Cult Maze move well beyond Ice Arena with 35, 36
By SAM PFEIFLE | November 7, 2007
 JUICED: Cult Maze are full of energy. |
| 35, 36 | Released by Cult Maze | with Gulley | at SPACE, in Portland | Nov 23 |
There’s some talk that Cult Maze are the best rock band in Portland right now. No longer young up and comers, songwriter and guitarist Jay Lobley, bassist/keyboardist Peet Chamberlain, drummer Andrew Barron, and bassist/guitarist Joshua Loring have paid their dues with more than two solid years of gigging and an ambitious-if-uneven debut album in 2006’s Ice Arena. They now find themselves with a consistent draw and a sophomore album in 35, 36 that sparkles with 10 songs full of intelligent indie-pop songwriting, biting melodies, and inventive arrangements. I’d call them mature if I didn’t think they’d be offended by it.Cult Maze have taken what was a blurry picture of a band captured by Ice Arena and brought it into sharp focus. Transitions have been tightened, the sound is more thoroughly their own, and frontman Lobley has gained confidence in his vocals, which probably wouldn’t win anybody over on American Idol, but are now distinctively attractive and enough to stamp his imprimatur on the album as a whole without that being a problem. He’s something like the Shins’ James Mercer with his plaintive wail, mixed with the grittier and sneering Morrissey — and his guitar style apes Johnny Marr to boot.

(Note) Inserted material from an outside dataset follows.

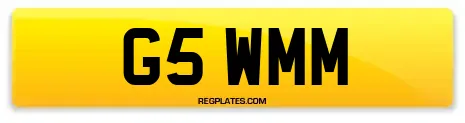 G5 WMM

Even better, you can now understand Lobley’s lyrics, which may bend toward the absurd sometimes, but often are poetic enough to say something universal in a way no one’s thought to say it before. The excellent “Treble Treble” opens with a spacey guitar line, joined quickly by the bass in a complementary melody line, then quickly fills out with a second guitar and drums and isn’t far from a Coldplay tune, though dirtier and a different manner of love-struck: “I want to tell you about my wife, and her dementia,” Lobley pipes up, “She’s made a point of making sense, in front of the dentist/Everybody likes to play it off like everything’s okay/but I’ll stay with her, you stay away/I’ll stay with her, you stay away.” The emphasis of the repetition weighs palpably, protective and self-pitying at the same time, and great to sing along with. At 4:03, it manages to feel too short when the lilting guitar line comes to an abrupt end. I want more of these wife-inspired turns of phrase: “Guess you’re rich so it’s okay, to spend so much on her birthday ... I guess I waited much too long/To dance to your song/Cuz the most important thing to do/Is to shake what god gave you.”
There something so world aware about the song, like it’s referencing all of pop songwriting in one fell swoop (and I like the handclaps, too, which I’m told were definitely not producer Jon Wyman’s idea — not that he’s against their use).